We have governments that do not want you to think for yourself. People are still being killed and jailed for their religious beliefs. When you live in a country where you actually get to choose the who, what, where, and when of your day to day life, then you need to also remember that you also need to allow others that same freedom.


We do not have to always agree with each other but we do need to respect each others right to have an opinion, to express it, and to be open minded when listening. Instead of speaking negatively about a person for their beliefs, because you became uncomfortable in the conversation, do more research. Take the time to see their side of their belief and say "okay I did not think about it in this way", or "yes I will dig into the research and see what I find". Thank you for caring about me and expressing your opinion.


I have had many different beliefs and opinions during my life and they have all changed many times because as I get older and wiser I realize that I need all the facts. I use my common sense, I do the research, I find a middle ground with others and because I allow others their beliefs without judgment I have come to the expectation of receiving this same type of respect from others in my life.

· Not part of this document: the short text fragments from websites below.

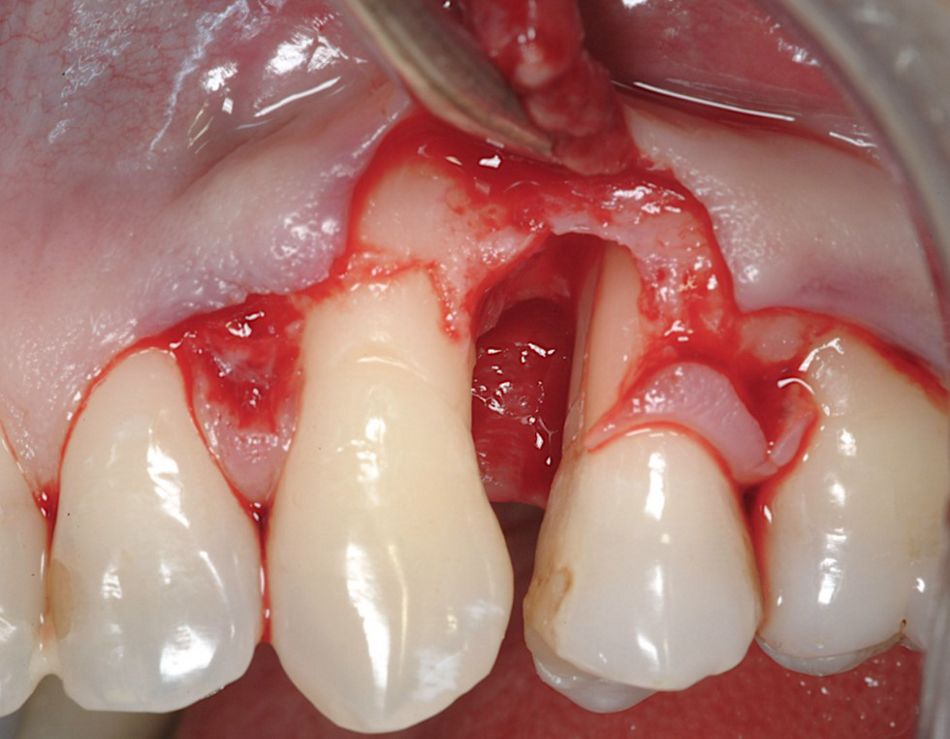 Fig. 3: The bone defect is exposed and scaling and root planing is performed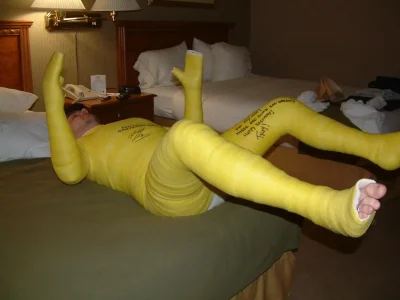 Гипс при переломе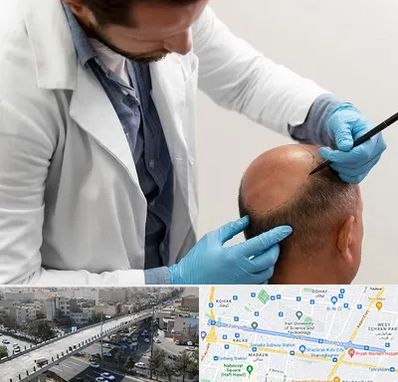 کاشت مو به روش تکثیری در فرجام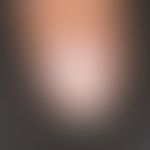 Leuconychia striata: Weiße Querstreifen in der Nagelplatte des Fingernagels nach Manikürschaden (...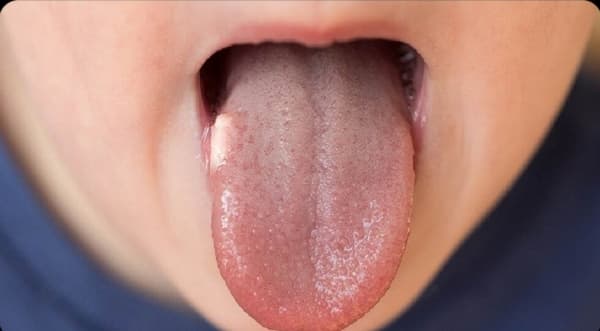 أسباب "سرطان اللسان" وأعراضه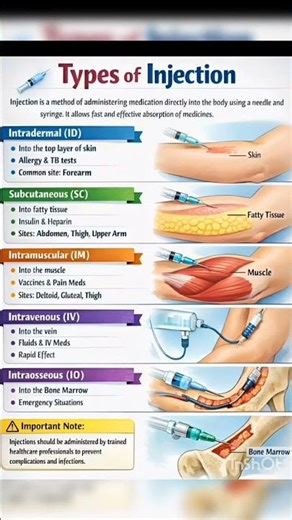 Types of injection # single shot # important # study motivation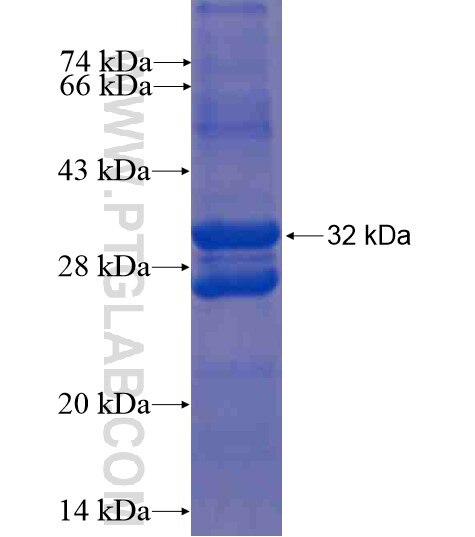 TAC4 fusion protein Ag15702 SDS-PAGE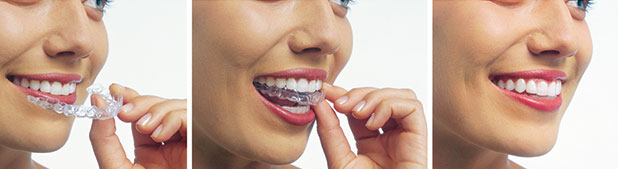 Invisalign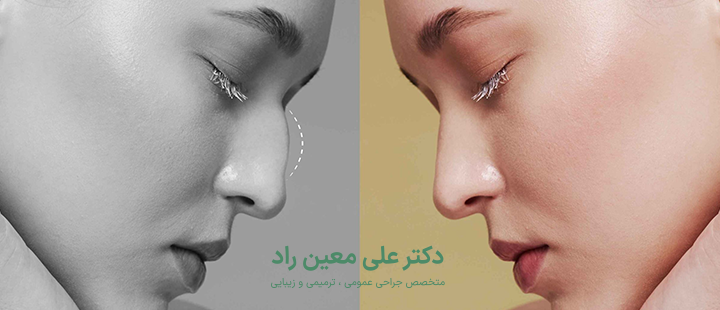 جراحی بینی استخوانی چگونه انجام می‌شود؟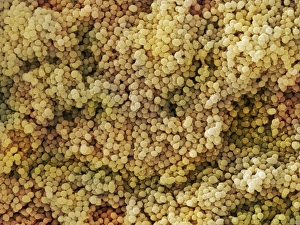 Scanning Electron Micrograph SEM Drucke: Lactococcus sp. Bacteria (SEM)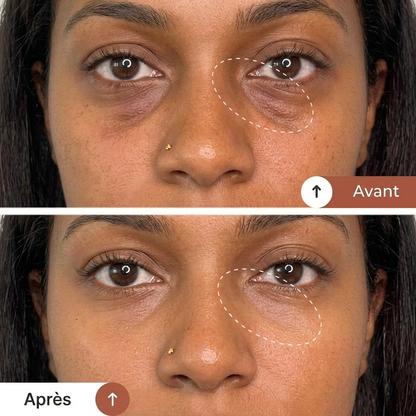 EyeLift® — Appareil Anti-Cernes EMS + Luminothérapie Rouge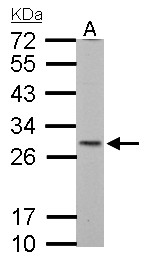 SDHB Antibody - SDHB antibody [C2C3], C-term detects SDHB protein by Western blot analysis. A. 30 ug Neuro2A whole cell lysate/extract. 12 % SDS-PAGE. SDHB antibody [C2C3], C-term dilution:1:1000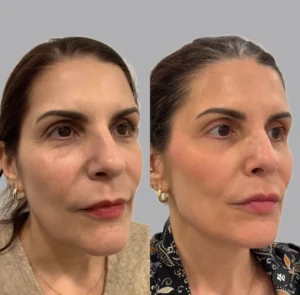Full Face Restoration treatment | before and after photo | Fayced Aesthetics NYC | New York, NY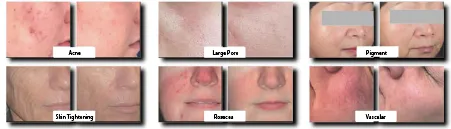 デュオフラッシュミニ-XX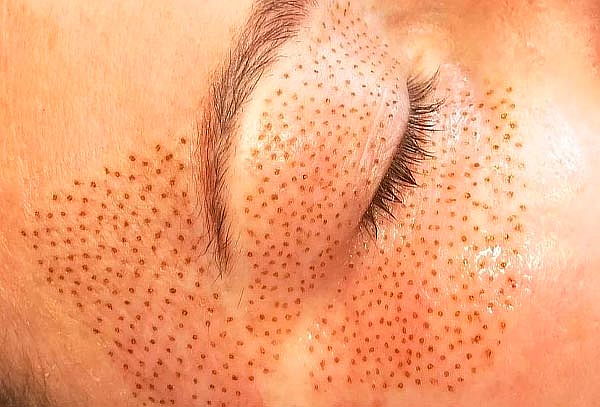 Nuevo! Fibroblast o Plasma Pen en Providencia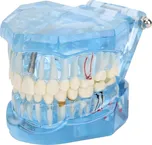 Verk 01964-N model čelisti a zubních…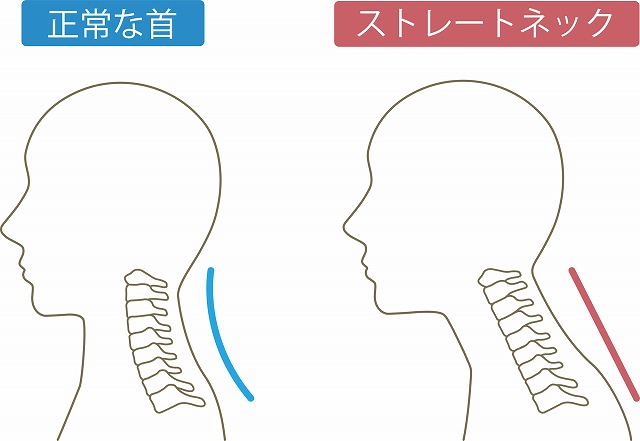 スマホ首・ストレートネックとは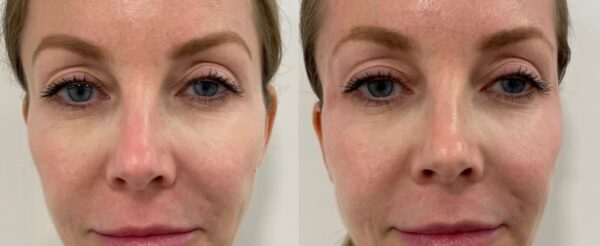 Dermal Fillers West Hampstead (5)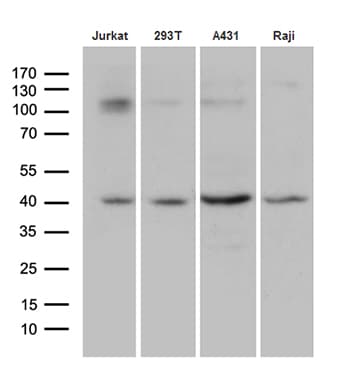 DNAJB5 Antibody (aa1-261, clone OTI6F11)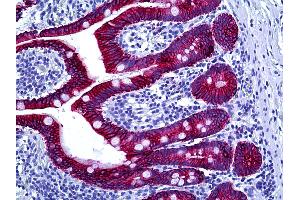 Anti-Cytokeratin Type II antibody IHC of human intestine. (Keratin Basic anticorps)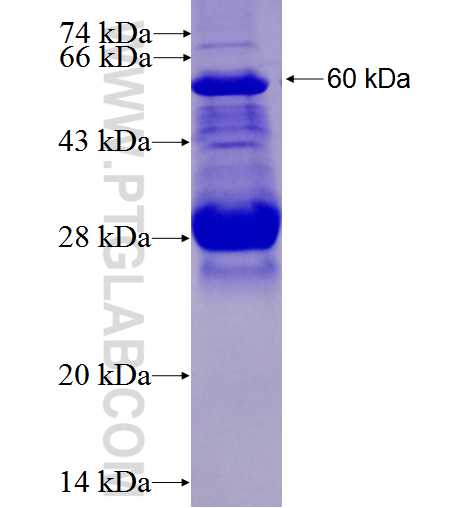 EIF3L fusion protein Ag1974 SDS-PAGE
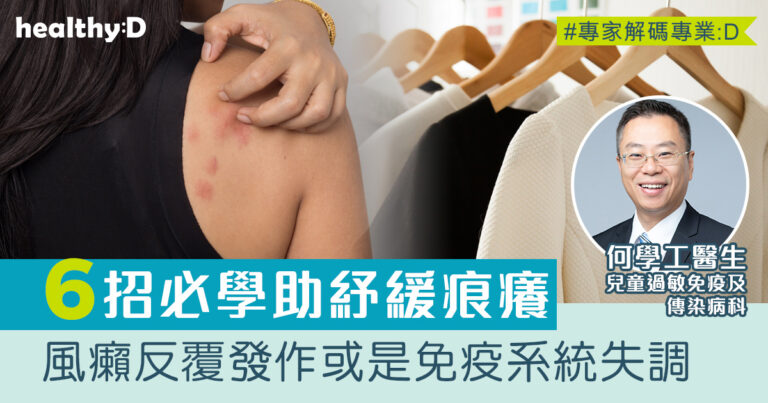 蕁麻疹｜紅疹、痕癢出風癩怎麼辦？反覆發作或是免疫系統失調 醫生建議6招紓緩症狀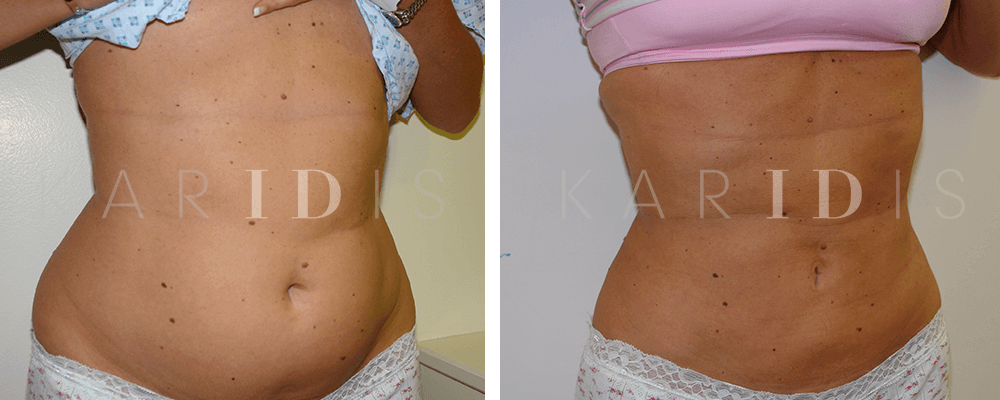 Obese Liposuction Before And After  Before And After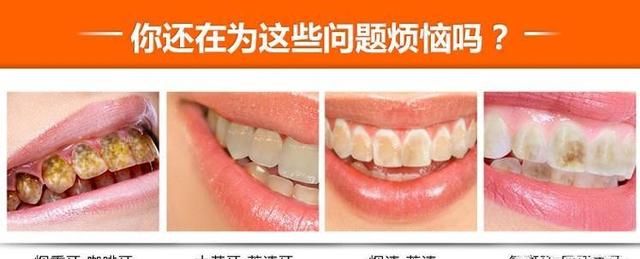 洗牙有什么好处,洗牙对牙齿有好处吗图8
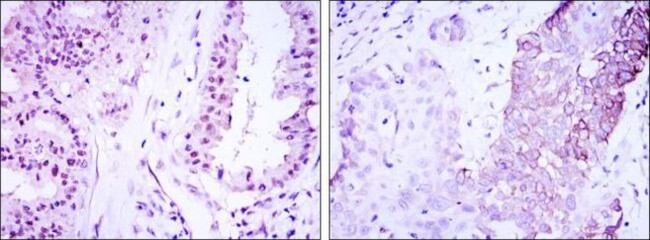 CRTC3 Antibody in Immunohistochemistry (Paraffin) (IHC (P))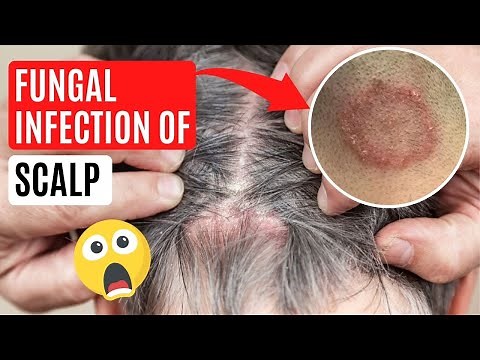 What causes Scalp Ringworm? ✅ Effective Treatment (Tinea Capitis)
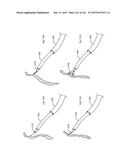 ROBOTIC CATHETER SYSTEM diagram and image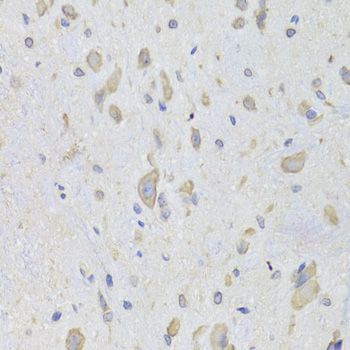 [KO Validated] EEF1B2 Rabbit polyclonal antibody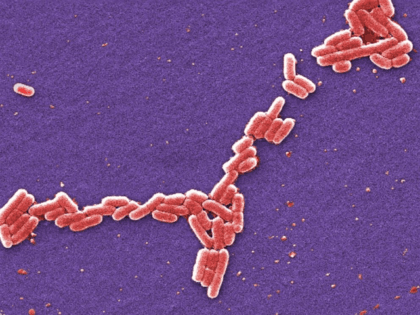 This colorized 2006 scanning electron microscope image made available by the Centers for Disease Control and Prevention shows E. coli bacteria of the O157:H7 strain that produces a powerful toxin which can cause illness.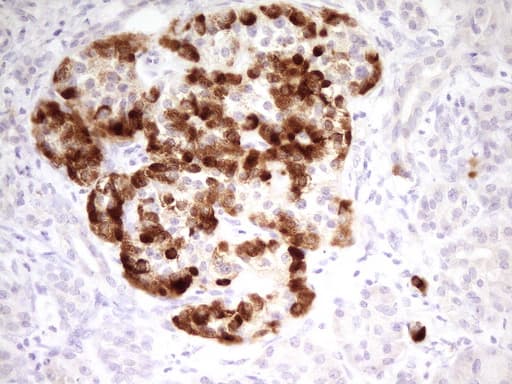 C-TAK1 / MARK3 Antibody (aa473-729, clone OTI2G8)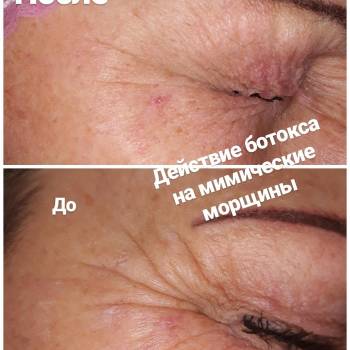 Ботокс 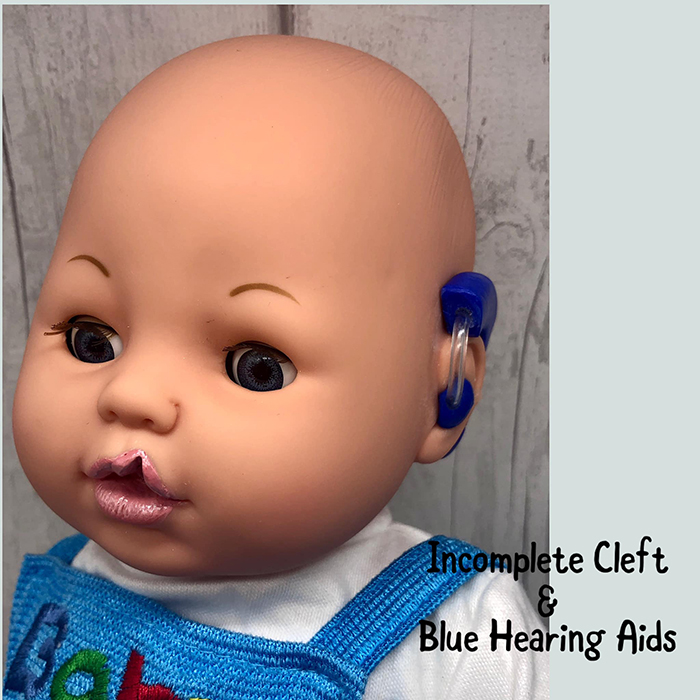 baby toy figure with incomplete cleft and blue hearing aids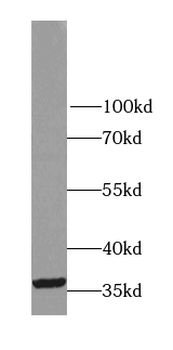 LDHC Antibody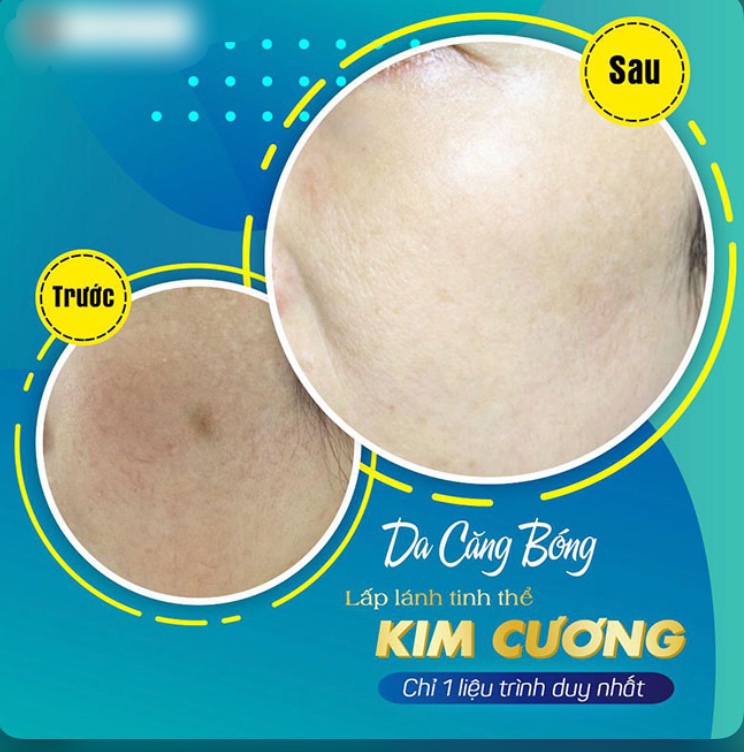 TRỊ LIỆU TRẮNG SÁNG KIM CƯƠNG CÔNG NGHỆ MESOTHERAPY TẠI CÀ MAU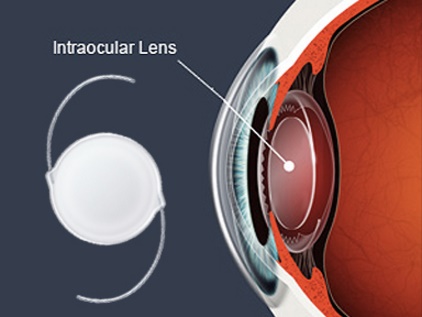 Reading Contact Lens Prescription - Intraocular lens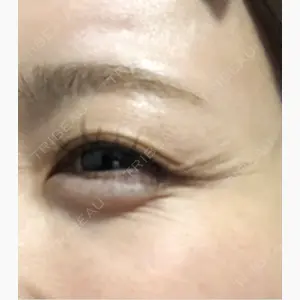 Natural Skin Clinic 笹塚院口コミ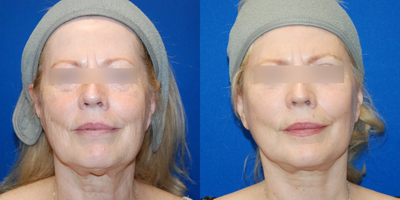 Facelift before and after photo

You may not agree with others and their opinion but please show them the respect that you would like to be shown to you when you open yourself up in a conversion.

Think of it like a trust circle. You reached out to them, you talked about what was important to you, now it is time to let the other person, talk about them-self and what is important to them. If you have an agenda before you even start a conversation you are showing a disservice to everyone you come in contact with.


If you judge others based on a piece of information they sent you because choice is important to them. Then you lose out on being open minded, compassionate, and a little better informed at the end of the day.


You however have the right to ask the person to not send you any more information and if they respect you as much as they respect themselves they will honor your request because they respect you and your privacy.


Life is too short to be doing the "he said - she said" by not allowing others their right to express their opinions especially if you want to have the right to express your opinion too.


Thank you for reading my blog. Have a wonderful day.